随着见识经历的增长,艺术的历练在大学时有了长足的进步。青涩朦胧的迷雾悄悄消散,我体悟着自己艺术气质的特征,自己艺术风格的取向。发现自己特别喜爱泰戈尔的诗——它们如此简洁,孩子般纯净又清澈!还发现马蹄斯的颜色和造型特别灿烂流畅欢快讨我喜欢。还有那汉代的画像砖多么整体富有装饰感、多么有力量! 我画了一批小画,都是一些局部小景,一条羊肠小道,一个农村向外支起的小窗,几个牧羊人裹着羊皮的板凳,一雙历尽沧桑的老山鞋,与众不同具有插图的味道。当然,这只是一首乐曲的开头,艺术之旅还长着哪。记得老师对我说:“一幅好画远看要吸引人,近看呢又要十分的耐看,才好。而你的画呢,远近都不耐看。”那时自负的我却不以为然。哎,艺术真的很深奥啊,直到今天我才悟出这句话的真正含义。可我的这位苦口婆心的老师却已离我而去了!是啊,我的那些老师可都是当今最好的老师啊!李桦、古元、周令钊、王琦、黄永玉、靳尚谊、庞涛、杨先让……他们不仅画好人品也极好。
那时中国的印刷还原色彩不过关,外国油画的原作也没机会看到,老师们便把家里的画册搬来长期放在教室柜子里让我们看,并常带我们去图书馆看外国画册。有一次庞涛先生上色彩课,为了让我们知道什么是好色彩,特意带我们去图书馆,她指着一张印刷质量好的苏联油画风景画右上角一块灰色的天空说:“看!这块颜色用的就非常好,非常漂亮。”品位和修养就是在老师们的循循善诱下不知不觉提高的。

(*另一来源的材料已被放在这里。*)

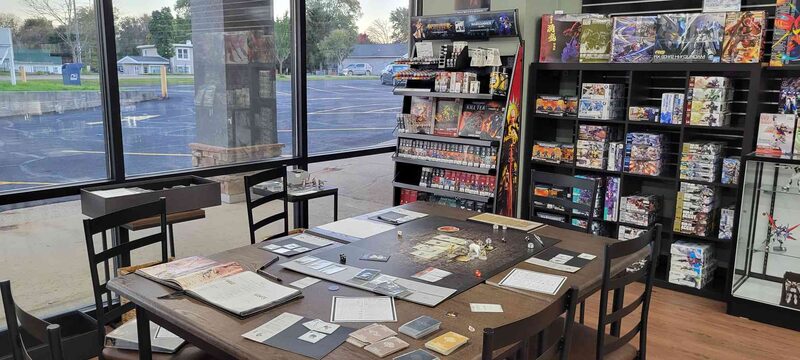 A game laid out on a table beside the front window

我是“文革”前最后一届大学毕业生。在五年的最后一年1964年,我们停课提前开始了文化大革命——社会主义教育运动,当时康生等提出废除模特制,说美院烂掉了是个大漂缸,学生红的进去白的出来是垮掉的一代。工作组进驻后要求学生天天写大字报给领导提意见。毕业后我们大多被分配去了边疆。我被分到了北京幻灯制片厂继续干革命、写大字报。
到1976年改革开放时,我已三十四岁专业荒废了十年。我不灰心不气馁,经过拨乱反正认真思考,终于在自己的人生道路上找回了自己的初心——我要理直气壮地画自己喜爱的画,做一名画家。我想,每个人一生干了自己爱干的事,对社会的贡献就大,没伤害别人、没踩着别人向上爬就不能叫个人主义,人的一生追求自己的梦想没有错。
从此我遵从自己的内心一路前行,不犹豫。1981年我通过自己努力调往中央工艺美术学院当了一名老师,并开启了我钟爱的艺术钻研新征程。我赞赏并带领学生践行明朝学者董其昌的“读万卷书,行万里路”。为研究现代艺术我读了《世界设计史》《毕卡索传》《结构主义》,并重读《中国美术史》《西方美术史》。我读书、去许多的地方。浩瀚无垠洁白无瑕的南极大陆净化着我的心灵;新疆,西藏的荒蛮与苍凉使我深厚坚强。我喜欢去那渺无人烟具有大自然粗旷气息的地方。那里淳朴的民风感染着我使我感动,所有的一点一滴珍藏于心,并将孕育出作品。记得马克思、恩格斯曾说:人的本性就是他的社会关系的总和。我的社会关系就是我的那些书和我交往的那些人那些事儿。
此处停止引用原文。